• _What to do_: Everything from the first line of the records to the line containing "Dsiney Kidz - Name", inclusive, is to be extracted exactly, and nothing more.

════

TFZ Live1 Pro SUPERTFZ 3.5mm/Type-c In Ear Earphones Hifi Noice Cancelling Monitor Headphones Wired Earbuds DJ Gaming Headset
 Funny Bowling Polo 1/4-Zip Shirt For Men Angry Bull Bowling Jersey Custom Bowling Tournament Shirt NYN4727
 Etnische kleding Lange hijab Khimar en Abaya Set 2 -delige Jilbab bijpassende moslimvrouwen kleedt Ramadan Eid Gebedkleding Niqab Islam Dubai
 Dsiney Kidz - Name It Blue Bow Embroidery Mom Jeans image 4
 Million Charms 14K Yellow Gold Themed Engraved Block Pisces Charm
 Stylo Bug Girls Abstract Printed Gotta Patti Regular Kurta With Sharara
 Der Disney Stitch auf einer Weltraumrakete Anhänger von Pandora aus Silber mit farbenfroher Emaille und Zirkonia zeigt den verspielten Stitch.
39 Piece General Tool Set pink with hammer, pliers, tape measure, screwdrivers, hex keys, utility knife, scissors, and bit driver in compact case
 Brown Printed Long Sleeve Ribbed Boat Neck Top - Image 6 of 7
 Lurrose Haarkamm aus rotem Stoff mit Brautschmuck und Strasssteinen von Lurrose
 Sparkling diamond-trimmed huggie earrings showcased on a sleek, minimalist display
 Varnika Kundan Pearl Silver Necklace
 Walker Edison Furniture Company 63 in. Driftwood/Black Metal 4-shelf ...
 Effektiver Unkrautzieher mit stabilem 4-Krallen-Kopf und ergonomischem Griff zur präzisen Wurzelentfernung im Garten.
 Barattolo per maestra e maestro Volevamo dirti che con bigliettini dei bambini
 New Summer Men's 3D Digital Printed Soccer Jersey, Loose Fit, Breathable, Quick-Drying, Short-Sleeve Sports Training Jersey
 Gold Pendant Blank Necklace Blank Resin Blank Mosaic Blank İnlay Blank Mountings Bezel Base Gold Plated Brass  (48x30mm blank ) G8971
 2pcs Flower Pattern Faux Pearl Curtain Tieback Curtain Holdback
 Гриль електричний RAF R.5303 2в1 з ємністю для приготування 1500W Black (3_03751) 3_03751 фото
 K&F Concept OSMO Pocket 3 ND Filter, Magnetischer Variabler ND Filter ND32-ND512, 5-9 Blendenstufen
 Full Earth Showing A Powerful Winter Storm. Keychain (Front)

════

• _Answer to this problem_:
TFZ Live1 Pro SUPERTFZ 3.5mm/Type-c In Ear Earphones Hifi Noice Cancelling Monitor Headphones Wired Earbuds DJ Gaming Headset
 Funny Bowling Polo 1/4-Zip Shirt For Men Angry Bull Bowling Jersey Custom Bowling Tournament Shirt NYN4727
 Etnische kleding Lange hijab Khimar en Abaya Set 2 -delige Jilbab bijpassende moslimvrouwen kleedt Ramadan Eid Gebedkleding Niqab Islam Dubai
 Dsiney Kidz - Name It Blue Bow Embroidery Mom Jeans image 4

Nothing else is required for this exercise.